— DATA SUPPLIED —
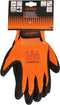 Skandia werkhandschoen flex multi (10/XL)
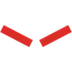 HellRaisers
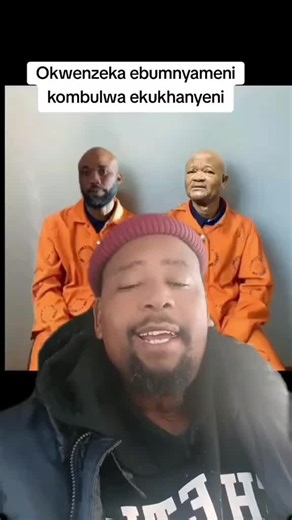 #duet with @Malumewesizwe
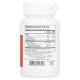 Омега-3 Protocol for Life Balance Omega-3 1000 мг 30 гел капс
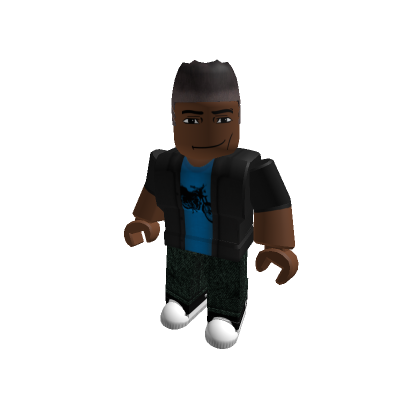 Full avatar of jonh_doe728463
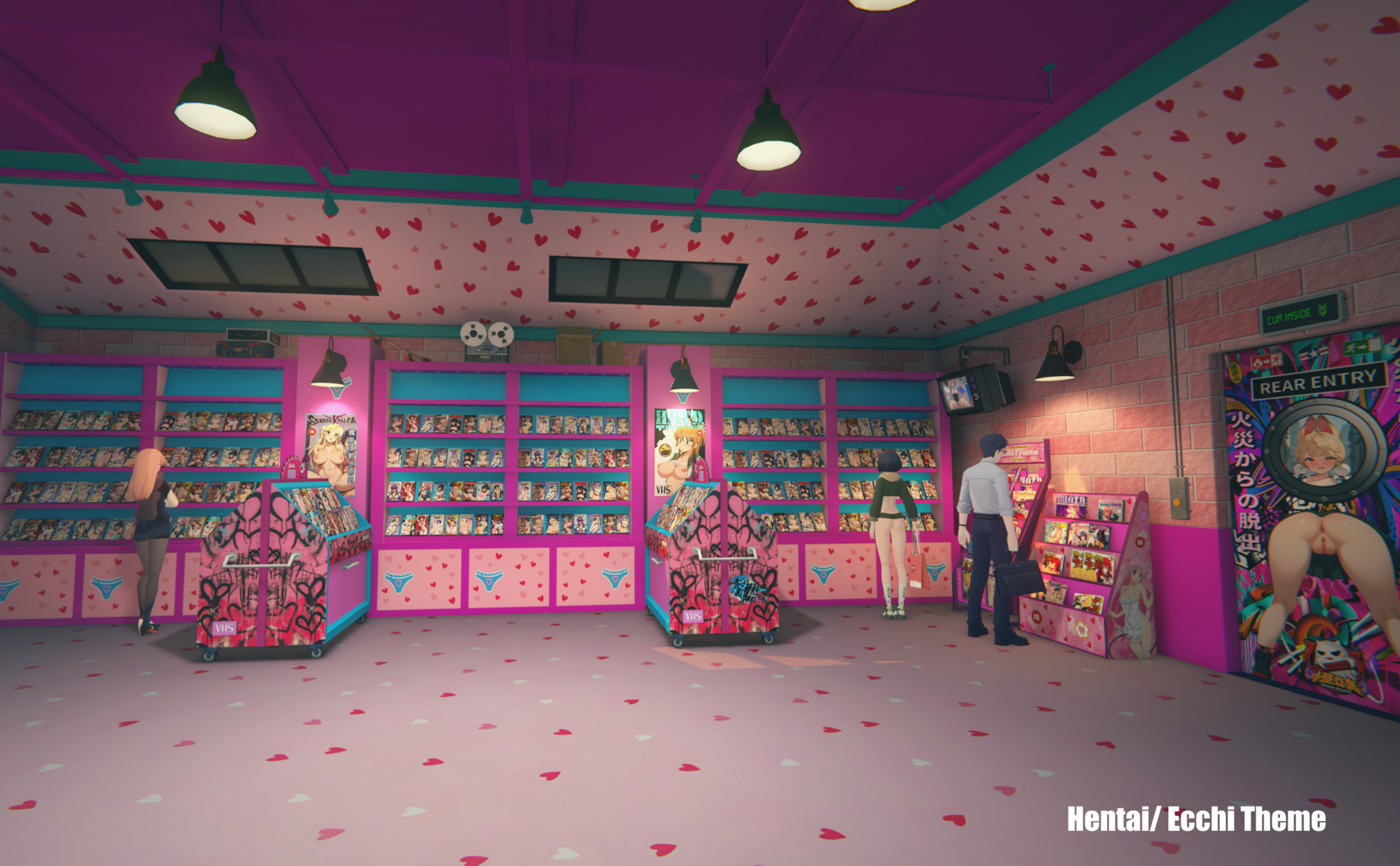 shop floor theme 2.png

— DIRECTIONS —
A verbatim copy of the listing is required, with all pictures left out.

— WRITTEN RESPONSE —
 Skandia werkhandschoen flex multi (10/XL)
 HellRaisers
 #duet with @Malumewesizwe
 Омега-3 Protocol for Life Balance Omega-3 1000 мг 30 гел капс
 Full avatar of jonh_doe728463
 shop floor theme 2.png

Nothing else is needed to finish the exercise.